Unemployment and inflation then constitute two problem areas in which we think there have been significant advances. The problem we have not been able to solve is the decrease in productivity. All social changes bring about a decrease in productivity because they require adjustment. For more than 400 years, our labor force has been under the oppression of the colonial system, the capitalist system and, on top of that, the Somocista dynastic system. Productivity was obtained from the workers through oppression. Now that we are eliminating oppression, there is a relaxed atmosphere among the workers and productivity has decreased. We need to develop new conditions for productivity and these new conditions depend on political consciousness, organization and new relations of production.

If people can understand what is happening in production, they will realize that production is for them; that this is a popular economy; that the resources, benefits and surplus of this economy are not going toward capital accumulation for the rich, but rather are used in the service of the majority. Once these new relations of production and new consciousness have been adopted by an organized labor force, we think we can increase the former productivity without oppression. Yet this will take time. It will take many years.

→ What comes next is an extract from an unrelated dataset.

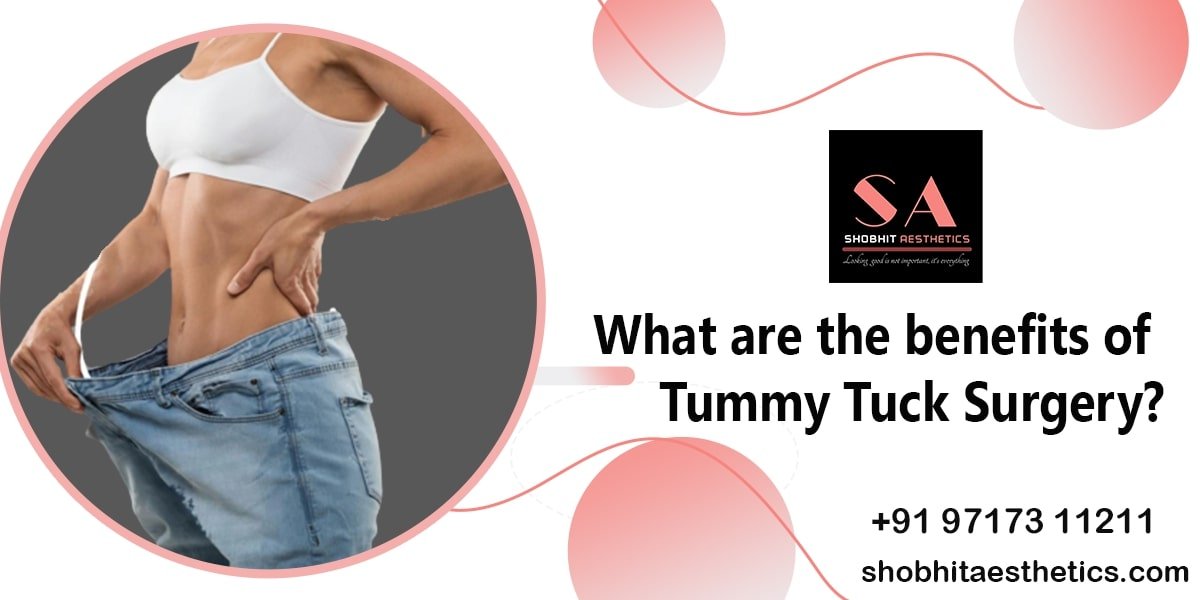 What are the Benefits of Tummy Tuck Surgery?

Education, health, popular organization and economic models of participation are part of the package. When people say the literacy campaign was a political campaign, they are correct. Likewise, the new organization of economic relations is political and economic at the same time. This division between the economic and the political does not make too much sense within our historical conditions. Once the workers are participants in the planning and administration of production, they change the relations of production between the bosses and the working class. New social movements start. New processes are developed. It depends on education. It depends on organization.

V. The Technician in the Revolution

We are trying first to meet the basic needs of the majority. Yet we have to be very conscious that if we do not take care of the technicians they will leave the government sectors and strategic industries in order to obtain higher salaries in the private sector. Private enterprise normally pays a technician double the price which the government pays. At the moment, we are trying to create other incentives for technicians such as technical training, participation in international meetings, seminars and congresses and also the opportunity to play an important role in a new society. A technician is a respected person in the Sandinista society. In the Somoza era, technicians and academicians were not considered at all. They were seen as fringe people, often dangerous people. Now technicians see that they are key people in the whole reconstruction process.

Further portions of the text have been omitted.